Nouveaux modes de vie et de travail connecté
1 - Prise en compte de la diversité des modes de vie
La réflexion sur le bâtiment responsable 2020 nous amène donc à nous pencher sur la diversité de nos modes de vie, qui doit être inévitablement respectée. Alors que nous avions peur d’être emprisonné avec les contraintes énergétiques et écologiques, la nouvelle génération de bâtiment devrait s’ouvrir vers la demande, vers l’individu avant tout et les conforts nouveaux que peut apporter le bâtiment 2020. Au fond, cette nouvelle génération de bâtiment, certes liée à des modes de vie responsables, doit être source d’une plus grande liberté et diversité de choix. C’est un raisonnement inverse de la supposée contrainte énergétique et écologique qui ne s’attache à normer les usages que dans un seul carcan pour un individu identique. Il s’agit ainsi de partir de la demande de l’individu dans la société afin qu’il puisse jouir d’un bien-être personnel (et non être contraint) avec le plaisir d’un confort holistique en profitant librement de la multiplicité des usages.
Nous l’avons vu avec l’exemple des bureaux. Derrière l’aspect du confort, ce qui était important pour les usagers, c’était le bien-être au travail avec une grande liberté d’action et l’adéquation avec une organisation nouvelle du travail. Et bien pour le secteur du logement, l’appréciation est la même. Avec la réglementation RT 2012, ou même avec le label expérimental actuel E+C-, nous continuons à nous baser sur des consommations conventionnelles comme si nous avions comme référence un ménage moyen sur tout la France. Telle quantité d’eau chaude sanitaire, telle quantité de chauffage, telle température de chauffage à 19°C, …, soit une idée de base, normée et sans doute erronée.
Et si la solution vertueuse était de partir de l’usager et des besoins aussi pluriels qu’il y a d’individus ? C’est-à-dire concevoir un bâtiment pour ceux qui veulent vivre à 21°C ou 22°C avec leur liberté de descendre eux-mêmes à 19°C, ceux qui veulent disposer à leur guise - selon leur sensibilité ou leur âge - d’un confort d’été avec la climatisation, de profiter allègrement de l’eau chaude de leur douche, … Cela revient à construire des bâtiments en les équipant de façon globale, de sorte qu’ils soient capables d’être performants avec des usages et des modes de vie très variés. Soit, une souplesse et une adaptabilité à des comportements différents. Et cela ne veut pas dire que nous reculons sur les objectifs de sobriété et de performance !
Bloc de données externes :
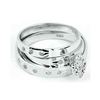 Image 1 : 1/10 CTW His Hers Round Diamond Cluster Matching Wedding Set 14kt White Gold - REF-37M5F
Cela pousse la réflexion plus loin certes, car cette pluralité prise en compte, les concepteurs devront s’attacher à imaginer plusieurs scénarios d’usages du bâtiment. Nous devrions étudier alors, par exemple, comment le bâtiment se comporte énergétiquement avec tel ou tel autre mode de vie, tout en veillant qu’en fonction de différentes configurations de modes de vie ; il présente une capacité de performances élevées en énergie et en carbone ; phase construction comprise.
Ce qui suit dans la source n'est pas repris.